If he is wearing a tie, relax!
While the various sirens and warnings are certainly valuable and important, their seemingly intermittent and arbitrary use has caused some of us to essentially ignore their wail and cry. Also, many of us live outside of earshot of these warnings.
I suggest that you consider getting an inexpensive “Weather Radio” for your house. These special radios can pick up broadcasts from the National Weather Service and let you know in advance with an audible alarm tone if dangerous conditions exist. They also have added the broadcast of information about other dangers such as chemical spills and even have added some AMBER alerts. The neat thing about these radios is that many of them can be programmed to give you only the information you want and need.
You can “tell” the radio where you live and thus only get warnings and information that relate to your area. This keeps the radio from sounding the alarm if the storm is in the general area but really posing no danger to you. While I am sure that we all wish our neighbors in Dayton no harm, we really don’t want to be rousted from our sleep at 3 AM with a message on the weather radio that a severe storm is headed for the Dayton Airport.

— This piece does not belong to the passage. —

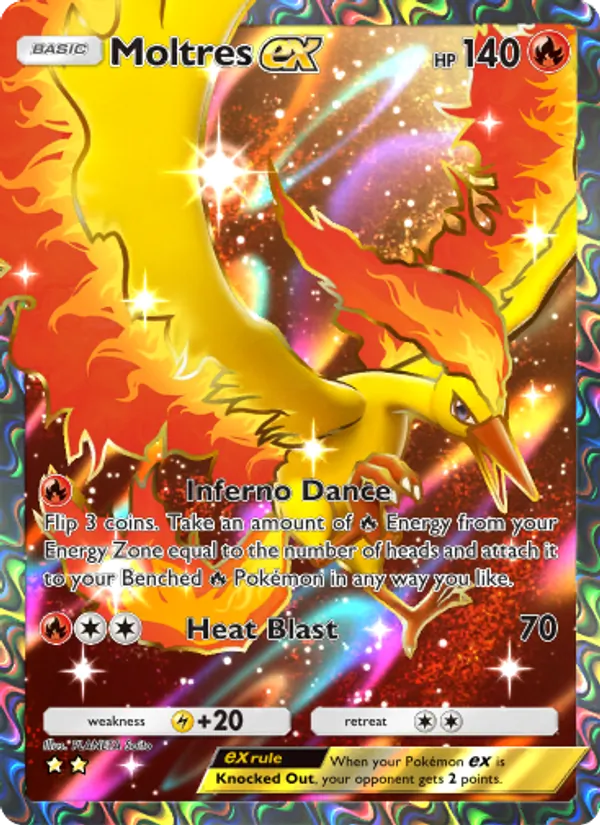 255 Moltres ex – Genetic Apex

The radios can also be programmed to ignore certain conditions that are not relevant to you personally even if they are happening in your area. For example, I live on a hill and as such I really don’t need to know in the middle of the night that there might be a flash flood on the Whitewater River. I do want to know that a tornado has been spotted on
New Biddinger Road.
While not all radios can be programmed, most of units, beginning with the mid-priced models on up, have these features. They can be purchased at many locations. Radio Shack® has a Midland™ model for about 40 bucks that is very popular and has the programmable features. It even has a battery back up built in. You can also find hand-held models for camping, boating and hiking at Bass Pro Shops® and many of the leading electronic retailers.

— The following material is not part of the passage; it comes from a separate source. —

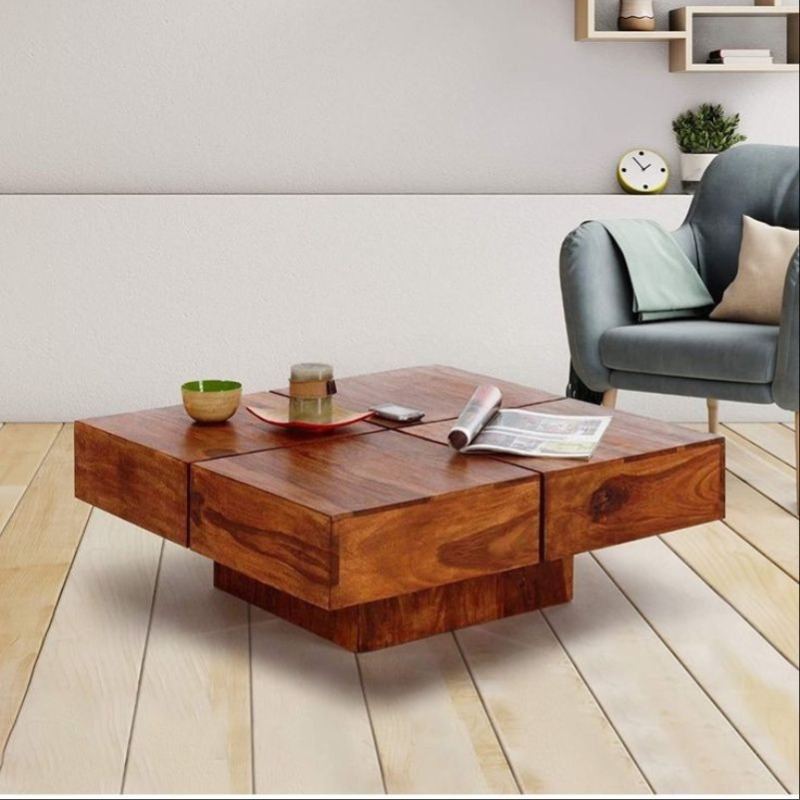 Square Haven Center Table | Solid Wood Center Table | Square Haven Center Table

Now, if all of this fails, you can use another method to predict when you need to take cover in the basement. I have been working on this theory for several years. I call it the “The TV Weather Man’s Clothes Hypothesis.” (Sorry, this does not seem to work if the TV weather reporter is a woman.) Here is how it goes. If you are watching any of our local TV stations and the Weather Man is talking about severe weather and he still is wearing his coat and tie and looks as dapper as ever, you can relax. If however the tie is a bit askew, pay a bit more attention. If the coat disappears, the top shirt button is undone and the tie seems even looser, pay closer attention. If you see him with his tie gone, shirt sleeves rolled up and hair tussled, go to the basement immediately. Check me on this next time we have storms in the area.
Seriously, the price of a weather radio is really a small one to pay to help make you and your family safe. Think seriously about getting one this weekend. It might save your life.